DIRECTIONS FOR THIS TASK:
Reproduce all the data exactly, without pictures.

INFORMATION GIVEN:
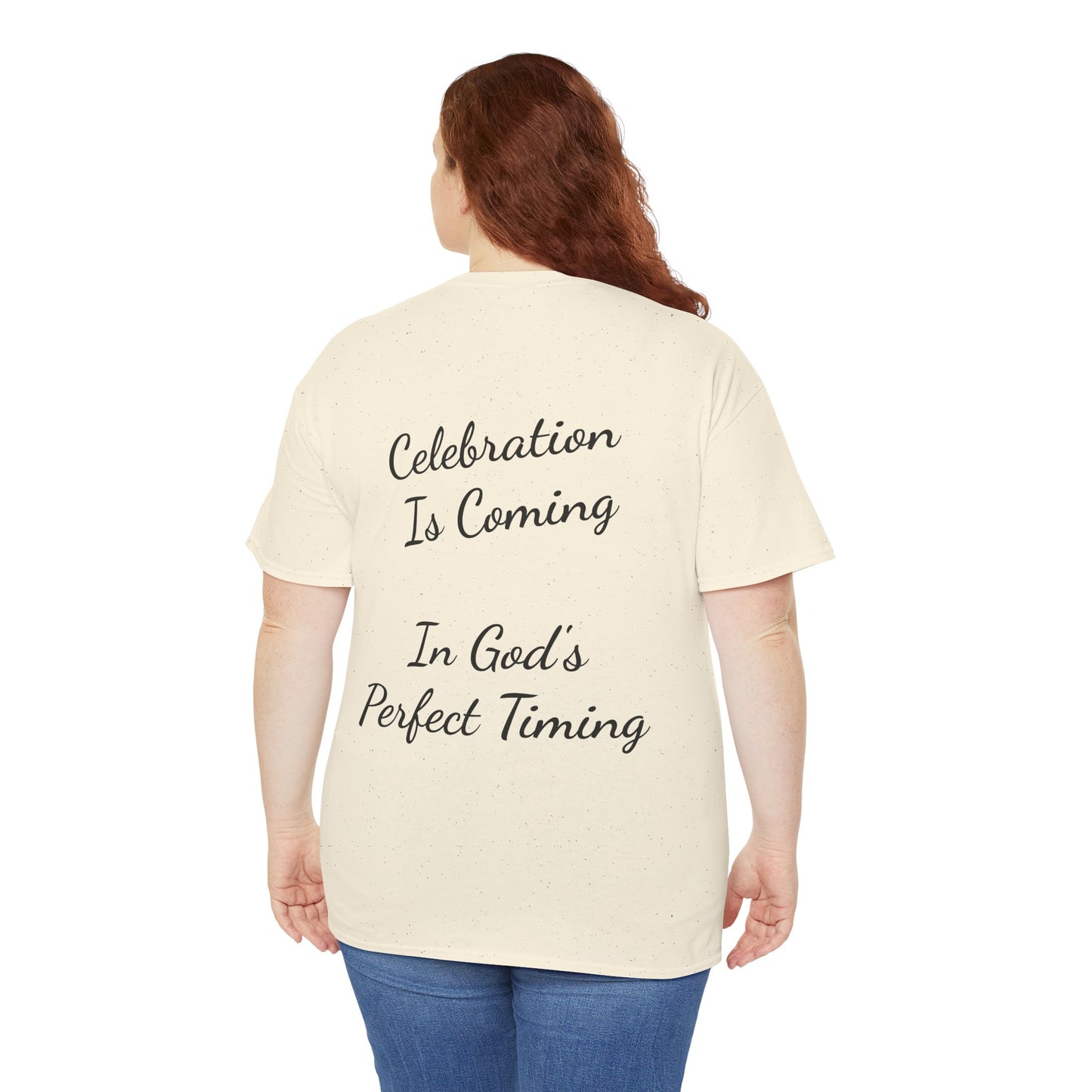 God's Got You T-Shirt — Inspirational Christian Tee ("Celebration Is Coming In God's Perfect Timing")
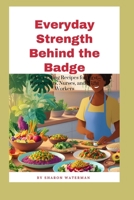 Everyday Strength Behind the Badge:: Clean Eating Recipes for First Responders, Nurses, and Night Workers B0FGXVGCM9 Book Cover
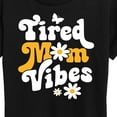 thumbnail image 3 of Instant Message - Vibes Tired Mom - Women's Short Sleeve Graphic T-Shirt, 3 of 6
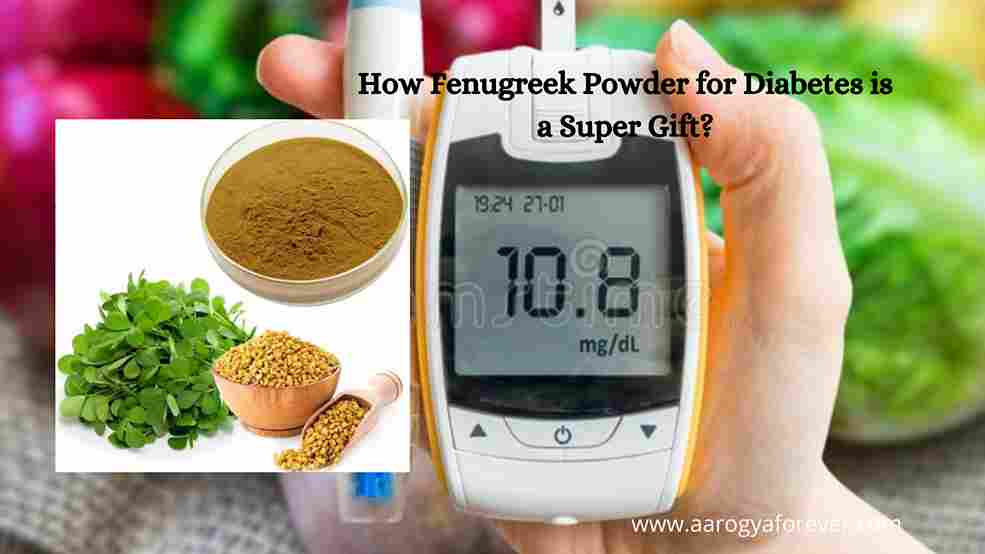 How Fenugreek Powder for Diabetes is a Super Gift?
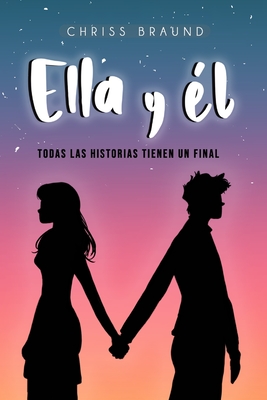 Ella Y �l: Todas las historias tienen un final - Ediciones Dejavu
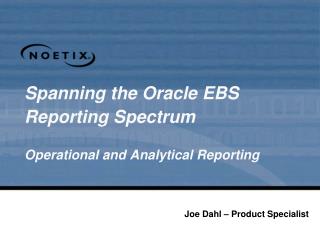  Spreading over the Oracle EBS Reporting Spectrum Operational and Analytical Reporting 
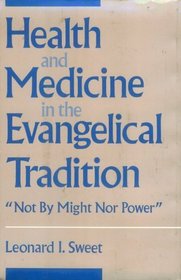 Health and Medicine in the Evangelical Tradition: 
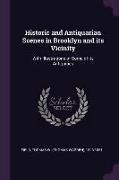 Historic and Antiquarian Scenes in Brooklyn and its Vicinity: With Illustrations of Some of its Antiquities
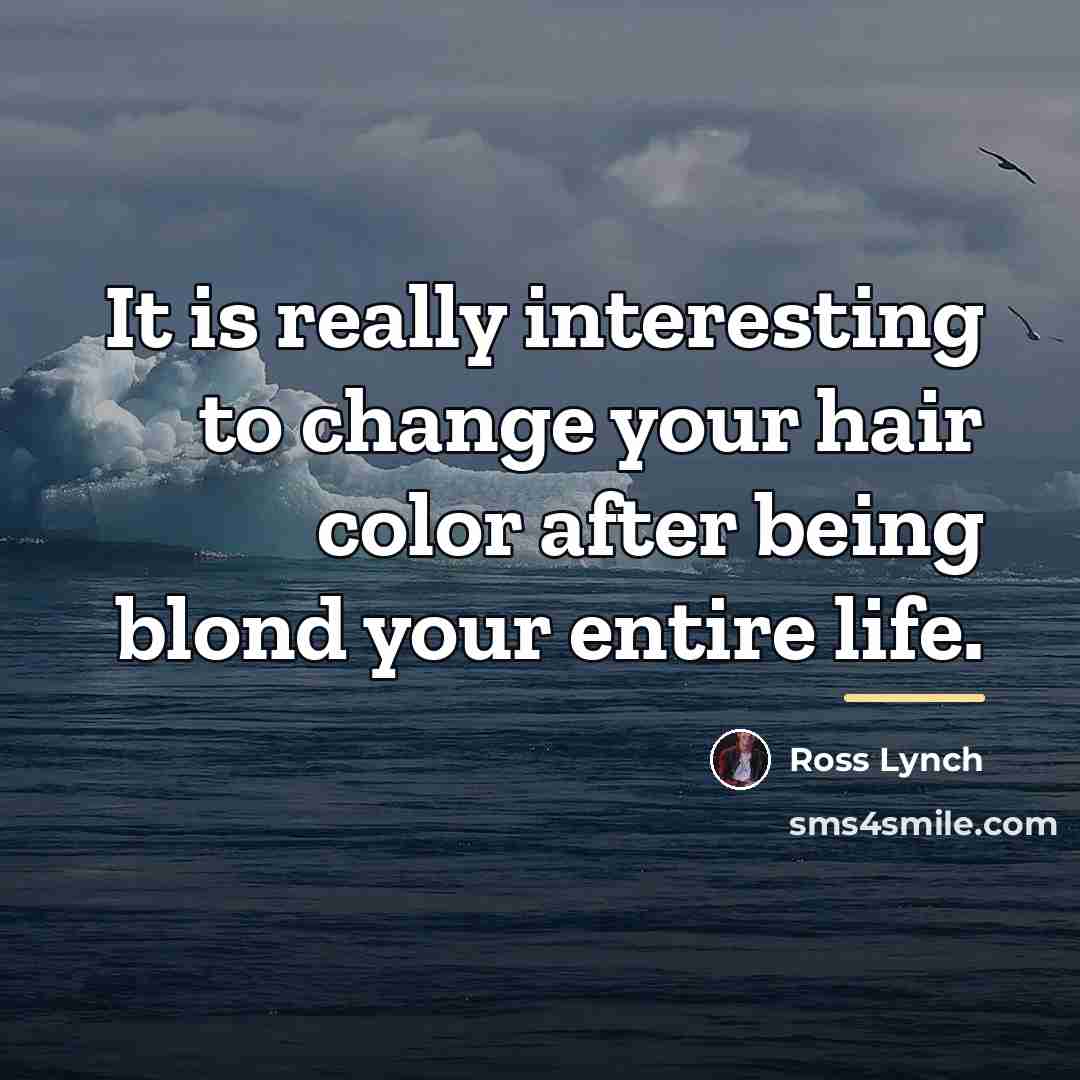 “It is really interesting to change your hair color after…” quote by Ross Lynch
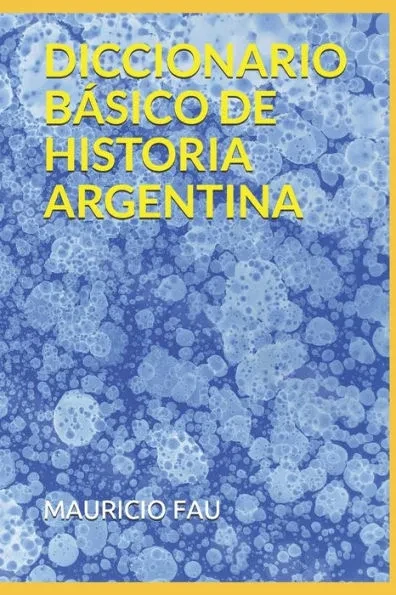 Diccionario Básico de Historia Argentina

ANSWER AREA:
 God's Got You T-Shirt — Inspirational Christian Tee ("Celebration Is Coming In God's Perfect Timing")
 Everyday Strength Behind the Badge:: Clean Eating Recipes for First Responders, Nurses, and Night Workers B0FGXVGCM9 Book Cover
 thumbnail image 3 of Instant Message - Vibes Tired Mom - Women's Short Sleeve Graphic T-Shirt, 3 of 6
 How Fenugreek Powder for Diabetes is a Super Gift?
 Ella Y �l: Todas las historias tienen un final - Ediciones Dejavu
  Spreading over the Oracle EBS Reporting Spectrum Operational and Analytical Reporting 
 Health and Medicine in the Evangelical Tradition: 
 Historic and Antiquarian Scenes in Brooklyn and its Vicinity: With Illustrations of Some of its Antiquities
 “It is really interesting to change your hair color after…” quote by Ross Lynch
 Diccionario Básico de Historia Argentina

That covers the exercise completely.